Buck led the way across the plaza to the house, and clapped his hands in
the hall. Josephine answered the summons.

"Tell Miss Sanderson that her brother would like to see her."

The woman vanished up the stairway, and the two men waited in silence.
Presently Phyllis stood in the door. Her eyes ignored Weaver, and were
only for her brother. Her first glance told her that all was well so far
as he was concerned, even though it also let her know that the boy was
anxious.

"Phil!" she breathed.

"So you bought my freedom for me, did you?" the boy said, his voice
trembling.

Phyllis answered in the clearest of low voices. "Yes. Did he tell you?"

"You oughtn't to have done it. I'll have no such bargains made.
Understand that!" cried her brother, emotion in his high tones.

"I couldn't help it, Phil. I did it for the best. You don't know."

"I know that you're to keep out of this. I'll fight my own battles. In
our family the girls don't sell kisses. Remember that."

Phyl hung her head. She felt herself disgraced, but she knew that she
would do it again in like circumstances.

Weaver broke in roughly: "You young fool! She's worth a dozen of you,
who haven't sense enough to _sabe_ her kind."

The girl glanced at him involuntarily. At sight of his swollen and
beaten face, she started. Her gaze clung to him, eyes wild and
fluttering with apprehension.

"I've been taking a massage treatment," he explained.

Phyllis looked at her brother, then back at the ranchman. The thing was
beyond comprehension. Ten minutes ago, this ferocious Hercules had left
her, sound and unscratched. Now he returned with a face beaten and
almost beyond recognition from bloodstains.

"What--what is it?" The appeal was to her brother.

"He let me beat him," Phil explained.

"Let you beat him! Why?"

"I don't know."

What the boy said was true, yet it was something less than the truth. He
was dimly aware that this man knew himself to have violated the code,
and that he had submitted to punishment because of the violation.

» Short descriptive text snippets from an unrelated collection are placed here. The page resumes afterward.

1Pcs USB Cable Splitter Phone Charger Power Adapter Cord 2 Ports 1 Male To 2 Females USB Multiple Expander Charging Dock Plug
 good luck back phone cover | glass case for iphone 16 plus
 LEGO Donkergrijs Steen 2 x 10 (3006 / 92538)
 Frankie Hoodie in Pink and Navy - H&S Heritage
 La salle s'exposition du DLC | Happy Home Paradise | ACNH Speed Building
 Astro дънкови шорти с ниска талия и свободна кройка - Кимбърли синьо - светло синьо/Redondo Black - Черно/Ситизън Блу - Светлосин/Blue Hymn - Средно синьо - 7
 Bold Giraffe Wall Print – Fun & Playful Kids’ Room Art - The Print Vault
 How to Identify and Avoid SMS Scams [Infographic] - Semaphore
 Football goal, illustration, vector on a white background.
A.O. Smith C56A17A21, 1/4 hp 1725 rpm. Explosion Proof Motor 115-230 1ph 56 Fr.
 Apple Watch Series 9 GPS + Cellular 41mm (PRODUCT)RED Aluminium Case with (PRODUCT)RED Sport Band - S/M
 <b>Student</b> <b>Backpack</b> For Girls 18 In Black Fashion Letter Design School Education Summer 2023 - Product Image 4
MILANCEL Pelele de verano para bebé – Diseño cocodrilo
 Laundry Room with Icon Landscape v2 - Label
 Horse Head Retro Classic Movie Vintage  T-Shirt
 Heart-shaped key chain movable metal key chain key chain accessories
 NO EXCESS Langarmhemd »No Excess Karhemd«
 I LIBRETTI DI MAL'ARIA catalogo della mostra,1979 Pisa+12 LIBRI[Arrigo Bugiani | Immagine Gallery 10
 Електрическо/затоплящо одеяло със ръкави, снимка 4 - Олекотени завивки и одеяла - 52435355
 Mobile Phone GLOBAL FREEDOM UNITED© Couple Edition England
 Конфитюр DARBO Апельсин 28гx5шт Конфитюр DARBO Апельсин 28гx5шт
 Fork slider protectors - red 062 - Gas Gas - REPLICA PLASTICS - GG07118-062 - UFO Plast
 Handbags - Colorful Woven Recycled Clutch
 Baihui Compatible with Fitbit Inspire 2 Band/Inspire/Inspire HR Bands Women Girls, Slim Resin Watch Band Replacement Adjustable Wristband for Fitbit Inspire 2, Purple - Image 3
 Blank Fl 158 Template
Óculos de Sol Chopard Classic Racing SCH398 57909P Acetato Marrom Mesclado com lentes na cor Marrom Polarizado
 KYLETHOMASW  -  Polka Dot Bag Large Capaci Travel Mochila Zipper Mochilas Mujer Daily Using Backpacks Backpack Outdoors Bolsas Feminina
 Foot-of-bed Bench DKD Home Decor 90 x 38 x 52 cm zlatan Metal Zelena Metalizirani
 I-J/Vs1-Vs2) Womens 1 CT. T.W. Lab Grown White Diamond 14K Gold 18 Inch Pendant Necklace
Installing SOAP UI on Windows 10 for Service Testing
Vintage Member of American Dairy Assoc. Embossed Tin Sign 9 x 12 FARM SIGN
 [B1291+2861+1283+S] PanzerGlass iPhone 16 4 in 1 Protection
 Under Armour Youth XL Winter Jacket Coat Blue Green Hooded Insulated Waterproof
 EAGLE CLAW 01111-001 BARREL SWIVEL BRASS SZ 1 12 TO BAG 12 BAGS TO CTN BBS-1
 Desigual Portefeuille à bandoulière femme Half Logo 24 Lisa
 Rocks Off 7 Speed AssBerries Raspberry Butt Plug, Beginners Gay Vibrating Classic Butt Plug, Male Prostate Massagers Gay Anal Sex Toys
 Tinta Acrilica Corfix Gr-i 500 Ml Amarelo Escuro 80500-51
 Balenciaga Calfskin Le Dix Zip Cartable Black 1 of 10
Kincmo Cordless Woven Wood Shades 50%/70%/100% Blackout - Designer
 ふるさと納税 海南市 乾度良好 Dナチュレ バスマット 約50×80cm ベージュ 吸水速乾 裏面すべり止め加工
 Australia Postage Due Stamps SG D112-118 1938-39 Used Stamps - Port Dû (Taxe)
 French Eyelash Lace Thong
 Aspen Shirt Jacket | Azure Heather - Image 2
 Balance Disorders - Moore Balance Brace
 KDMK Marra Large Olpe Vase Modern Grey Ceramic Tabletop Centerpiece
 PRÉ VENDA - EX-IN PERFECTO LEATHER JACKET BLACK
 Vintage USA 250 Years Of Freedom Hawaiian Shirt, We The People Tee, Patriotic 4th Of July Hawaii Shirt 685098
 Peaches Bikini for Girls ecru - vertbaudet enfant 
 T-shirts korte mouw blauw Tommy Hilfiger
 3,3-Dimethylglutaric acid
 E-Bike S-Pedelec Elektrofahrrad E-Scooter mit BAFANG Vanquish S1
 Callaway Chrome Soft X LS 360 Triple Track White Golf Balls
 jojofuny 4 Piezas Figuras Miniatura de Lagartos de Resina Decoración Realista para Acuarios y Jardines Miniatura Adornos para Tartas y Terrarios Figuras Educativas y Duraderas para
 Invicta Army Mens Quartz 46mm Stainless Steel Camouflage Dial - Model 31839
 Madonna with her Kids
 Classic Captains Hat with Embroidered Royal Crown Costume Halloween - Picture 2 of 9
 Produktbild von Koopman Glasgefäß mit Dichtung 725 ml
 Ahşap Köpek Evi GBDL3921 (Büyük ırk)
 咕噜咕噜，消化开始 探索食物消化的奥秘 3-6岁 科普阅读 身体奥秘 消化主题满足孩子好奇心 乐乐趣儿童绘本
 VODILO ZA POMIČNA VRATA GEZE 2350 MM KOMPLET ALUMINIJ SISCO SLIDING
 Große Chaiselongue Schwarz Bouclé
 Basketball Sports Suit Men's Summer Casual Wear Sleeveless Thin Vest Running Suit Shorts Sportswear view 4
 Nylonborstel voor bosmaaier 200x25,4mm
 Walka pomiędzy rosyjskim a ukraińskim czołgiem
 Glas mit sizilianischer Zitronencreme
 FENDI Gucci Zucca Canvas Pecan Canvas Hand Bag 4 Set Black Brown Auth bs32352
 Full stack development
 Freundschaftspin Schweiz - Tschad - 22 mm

"Tell me," Phyllis commanded.

Phil told her in three sentences. She looked at Weaver with eyes that
saw him in a new light. He still sneered, but behind the mask she got
for the first time a glimpse of another man. Only dimly she divined him;
but what she visioned was half devil and half hero, capable of things
great as well as of deeds despicable.

"I'm not going to leave you here in this house," young Sanderson told
her. "I'll not go. If you stay, I stay."

She shook her head. "No, Phil--you must go. I'm all right here--as safe
as I would be at home. You know, he has a right to send me to prison if
he wants to. I suppose he is holding me as a hostage against our friends
in the hills."

The boy accepted her decree under protest. He did not know what else to
do. Decision comes only with age, and he could hit on no policy that
would answer. Reluctantly he gave way.

"If you so much as touch her, you'll die for it," he gulped at Weaver,
in a sudden boyish passion. "We'll shoot you down like a dog."

"Or a coyote," suggested Buck, with a swift glance at Phyllis. "It seems
to be a family habit. I'm much obliged to you."

Phyl was in her brother's arms, frankly in tears.

It was all very well to tell him to go; it was quite another thing to
let him go without a good cry at losing him.

"Just say the word, and I'll see it out with you, sis," he told her.

"No, no! I want you to go. I wouldn't have you stay. Tell the boys it's
all right, and don't let them do anything rash."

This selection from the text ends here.